Alstom mise sur l’avenir du TGV et investit 150 millions d’euros en France
Alstom mise sur l’avenir du TGV et investit 150 millions d’euros en France

L’industrie ferroviaire française prend de la vitesse. Ce vendredi 4 avril, le constructeur Alstom a annoncé un plan d’investissement massif de 150 millions d’euros dans ses usines françaises. Objectif : répondre à la demande croissante en trains à très grande vitesse, et notamment à l’engouement pour le futur TGV M, baptisé Avelia Horizon. Une montée en puissance industrielle qui s’accompagnera de 1 000 embauches dès 2025.

Un TGV pour l’export mais aussi pour la France

Fort de sa récente commande de 18 TGV pour le Maroc, Alstom entend muscler sa production tricolore. À Valenciennes Petite-Forêt, une nouvelle ligne d’assemblage verra le jour. À La Rochelle, les lignes de chaudronnerie seront doublées pour permettre un triplement de la capacité de production.

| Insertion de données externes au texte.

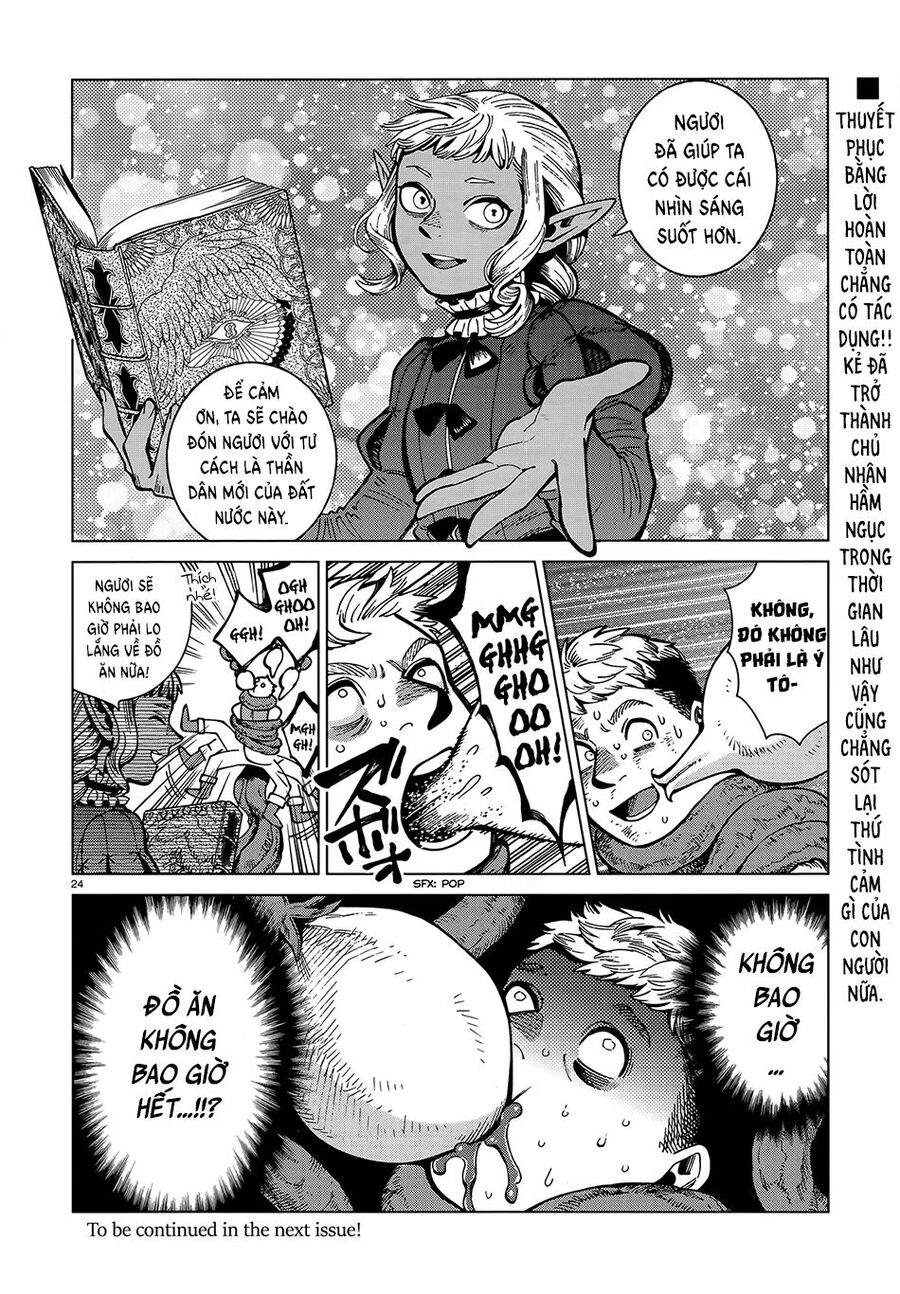 Mỹ Vị Hầm Ngục Chapter 71 - 25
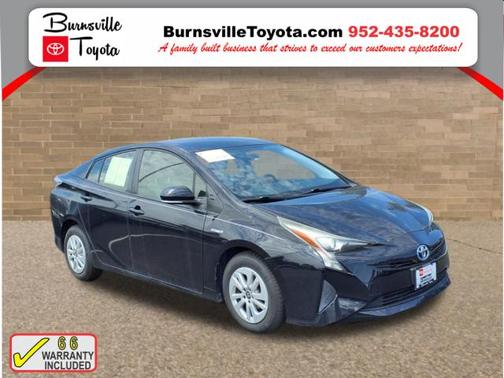 2016 Toyota Prius Two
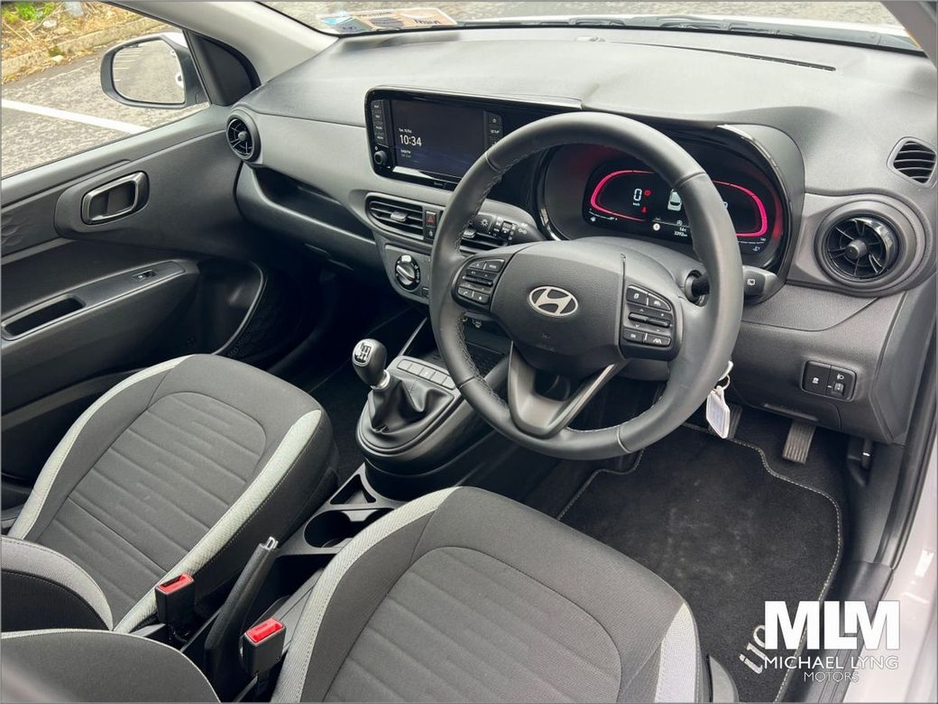 2025 Hyundai i10 i10 Deluxe Plus €22,495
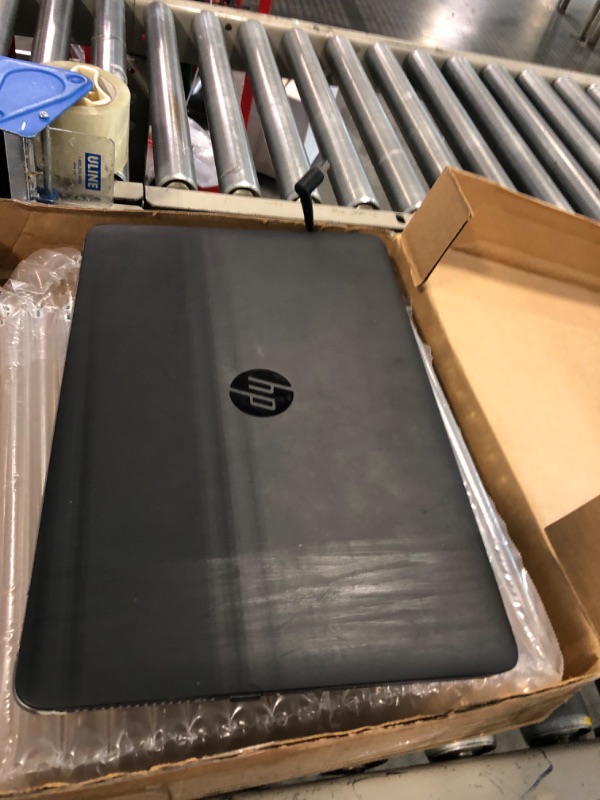 Photo 1 of HP EliteBook 850 G1 15.6 inches Laptop, Core i5-4210U 1.7GHz, 8GB Ram, 500GB HDD, Windows 10 Pro 64bit (Renewed)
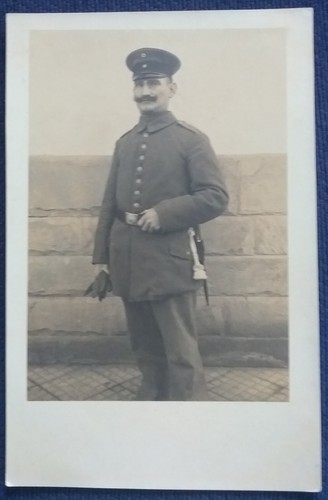 Ww1 german soldier - german,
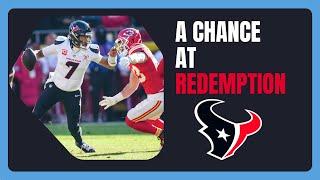 The Houston Texans Have Huge Opportunity Against the Kansas City Chiefs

L’ambition est claire : passer de 1 train Avelia Horizon produit par mois à 2,5 d’ici deux ans. « Ce TGV séduit partout, pas seulement en France. Nous l’avons vendu aux États-Unis, au Maroc, et même au premier opérateur ferroviaire privé, Proxima », a détaillé Henri Poupart-Lafarge, directeur général d’Alstom. Résultat : toutes les usines françaises doivent monter en cadence, et vite.

Un maillage industriel renforcé sur tout le territoire

Outre La Rochelle et Valenciennes, les sites stratégiques de Belfort, Ornans et Le Creusot bénéficieront eux aussi de ce plan. À Belfort, les équipes conçoivent locomotives et voitures motrices. À Ornans, ce sont les moteurs de traction et alternateurs qui sortent des chaînes. Le Creusot, lui, fabrique les bogies et vérins indispensables à la stabilité des trains à grande vitesse. Alstom prévoit aussi de moderniser ses lignes de production avec de la robotisation et des techniques de soudage de pointe, notamment à Petit-Quevilly, Tarbes et Ornans. Alors que le premier TGV M est attendu sur les rails en 2026, l’industriel tricolore mise sur une vision à long terme : exporter le savoir-faire français et maintenir une souveraineté industrielle dans un secteur hautement stratégique. Un pari ambitieux… mais à 320 km/h, il vaut mieux ne pas avoir peur d’aller vite.